Now let me implement Euler's method. I'll still use your code as a template, but mine will be correct. :)
h = 0.05; % time step
t = 0:h:4; %time range
y = zeros(size(t)); % set y array all 0's to same size as t
y(1) = 2; % set initial condition at time 0 to 2
n = numel(y);
dydt = @(y_i,t_i) 4*exp(0.8*t_i) - 0.5*y_i;
for i=1 : n-1 % for loop to interate through y values for
y(i+1)= y(i)+ h * dydt(y(i),t(i)); % Euler update
end
plot(t,y,'-b') %plot Euler
hold on
fplot(true_sol,[0,4],'r'); % plots the exact solution to this differential equation You can see the two curves as I plotted them are now almost on top of each other. A little larger value of h would have been good perhaps to show off the difference more. But Euler actually did pertty well here.

scott lamb on 26 Nov 2020
Thank you so much for your quick response, i can see my errors now. Though the exact solution was given to me in the question and it says the exact solution and could be determined analytically as : -
(4/1.3)*(exp(0.8*t)-exp(-0.5*t))+2*exp(-0.5*t))
And to write code to plot and compare both the Euler method for y' = 4*exp(0.8*t) - 0.5*y and the exact solution determined analytically?
i have changed
%true_sol = dsolve(diff(y,t,1) == 4*exp(0.8*t) - 0.5*y(t),y(0) == 2);
to
true_sol=(4/1.3)*(exp(0.8*t)-exp(-0.5*t))+2*exp(-0.5*t); %This is the exact solution to dy/dt. determied analytically
and this also seems to work, yeilding the same results? am i totally of the mark or would this now be right given the question?
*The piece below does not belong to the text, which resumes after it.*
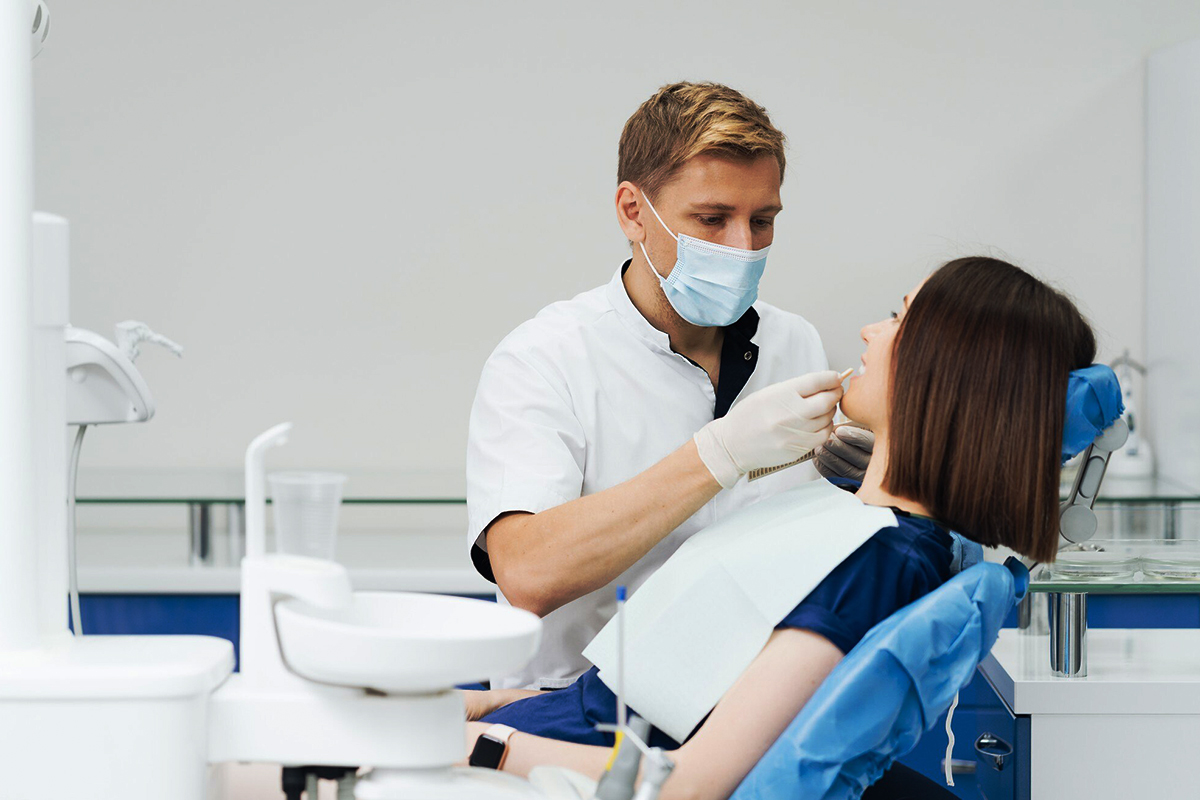 What to Expect at Hackney’s VDental Smile Studio During Your First Visit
John D'Errico on 26 Nov 2020
syms t
yoursol = (4/1.3)*(exp(0.8*t)-exp(-0.5*t))+2*exp(-0.5*t);
syms y(t)
mysol = dsolve(diff(y,t,1) == 4*exp(0.8*t) - 0.5*y,y(0) == 2);
expand(mysol)
ans = simplify(mysol - yoursol)
ans =
0
So it looks like the two solutions are the same after all after simplification. I probably copied the wrong solution from you.